By orangeroom, in WFRP Gamemasters

Hello there,

my first post in this forum (I have been lurking here quite a while… seeing how discussions flow, I really like the atmosphere!), and it’s all about a very basic question. Think of it as a poll:


Who, in your group, gets to narrate the dice results? (i.e., the things a player character (not an NPC!) does and how he does it, succeeding or not and why, the whole visual thing...)
The player? The GM? The entire group?
I suggest most groups take a mixed approach, but my question is: Who dominates?

I plan to explain to you in a further post why I asked the question in the first place… Until then, thanks for your contributions!

Stefan

PS: Being from Germany, I apologize for any obstacles you might encounter deciphering my cryptic messages! :-)

I think it adds a lot to the general fun and atmosphere if the players themselves narrate the results (at least when there is a known outcome). But it's very individual, some players can easily do it others not so easily (often people less experienced with roleplaying I'd say). In our group it's often also a collaborative effort with the player who rolled taking the lead with the GM and other players coming with suggestions.

But in the end I think it is the responsibility of the GM to narrate. After all, he has all the information to interpret the results. And, as I wrote above, sometimes it's not possible for the players to do it (e.g. observation checks).

Our GM sometimes just give us the basic result (i.e., "you spot a beastman in the forest") and then let us narrate the specifics ("Dieter has a weird feeling that someone is looking at him with murderous intent. Looking up into the forest he spots a beastman crouching behind a tree stump"). That works nice, and also has the benefit that the player doesn't have to do it, it just adds to the fun if he does.

I [GM] usually end up doing it but would be glad to have each player narrate the results they get.
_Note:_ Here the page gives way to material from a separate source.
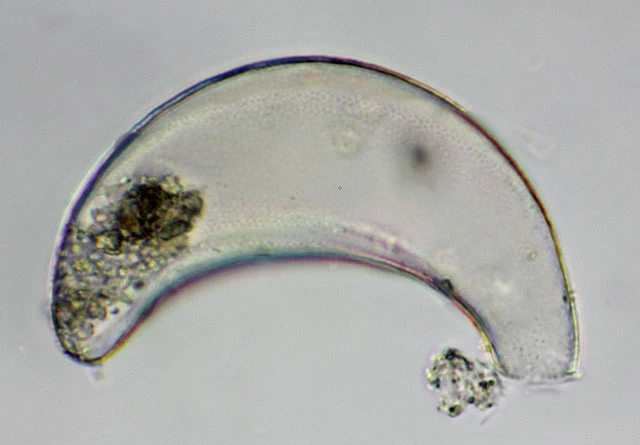 Cyphoderia spec.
Usually it falls to me (the GM) to narrate the results in my group. On occasion one of my players will give it a go (often quite well) and I almost always award a fortune point to the party sheet for this to try to encourage them to get more involved with it. Oddly enough, they seem to really enjoy throwing out wicked suggestions for Chaos Stars, going so far as our courier player suggesting that the mechanical effects of his scar critical wound become permanent after he rolled double Chaos Stars and no successes on his Resilience roll to try to heal it.

Well I would have the players come up with a clever way why they failed horribly or succeeded with above average results, but there is a GM for a reason. Being a GM for Dark Heresy too, I find it a lot easier to keep control of the game if you always narrate the results. I would only narrate special cases though, like a failed attempt to solve a puzzle that opens a door to save the players asses. Simple combat tests do not need to be narrated, that gets to time consuming.

At my table, I let the players narrate as often and as much as they can, with input from me and I encourage everyone else to come in with a good idea if they have one. Success is the players' to narrate, and I can nix anything that goes too far, but I usually give them all the leeway I can. I often allow the players to narrate failure too, which can be very interesting - some will screw themselves much worse than I would. What I want ideally is a creative feedback loop. I very often get it.

The WFRP dice system is great for this sort of thing, in a way that just plain old numbered dice are not. We all enjoy reading and interpreting the results of the rolls.